Material provided:
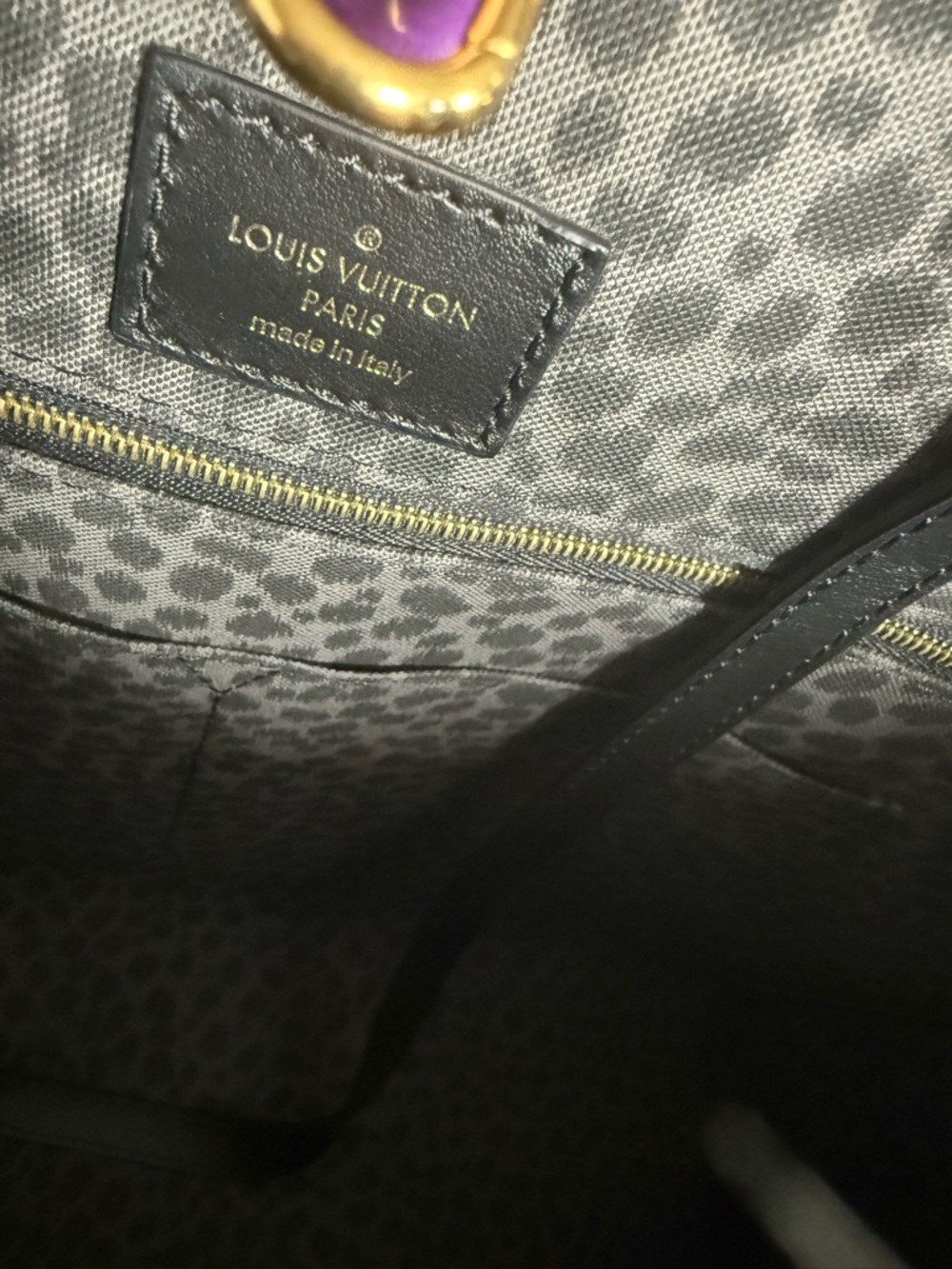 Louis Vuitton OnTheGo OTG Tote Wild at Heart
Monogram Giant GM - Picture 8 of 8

* * *

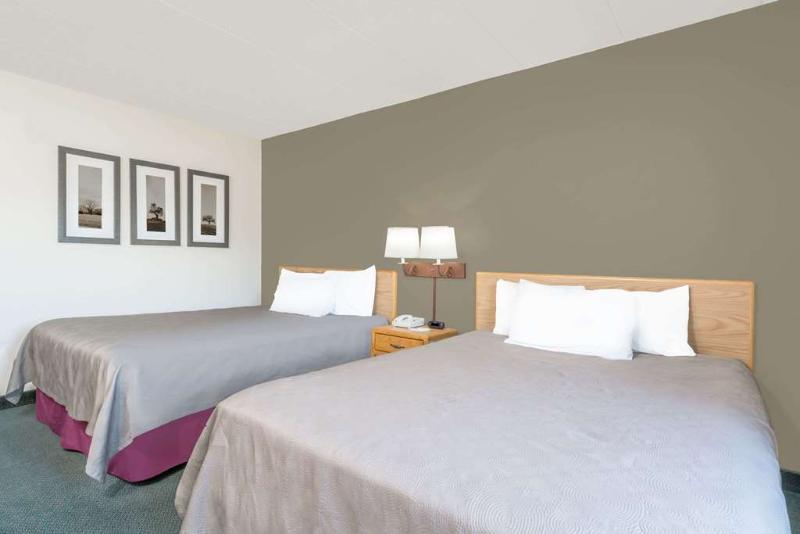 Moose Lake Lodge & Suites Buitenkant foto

What is being asked: Copy out exactly the material that runs from the line with "Louis Vuitton OnTheGo OTG Tote Wild at Heart" to the line with "Monogram Giant GM - Picture 8 of 8", ends included, and leave the pictures behind.

Reply:
 Louis Vuitton OnTheGo OTG Tote Wild at Heart
Monogram Giant GM - Picture 8 of 8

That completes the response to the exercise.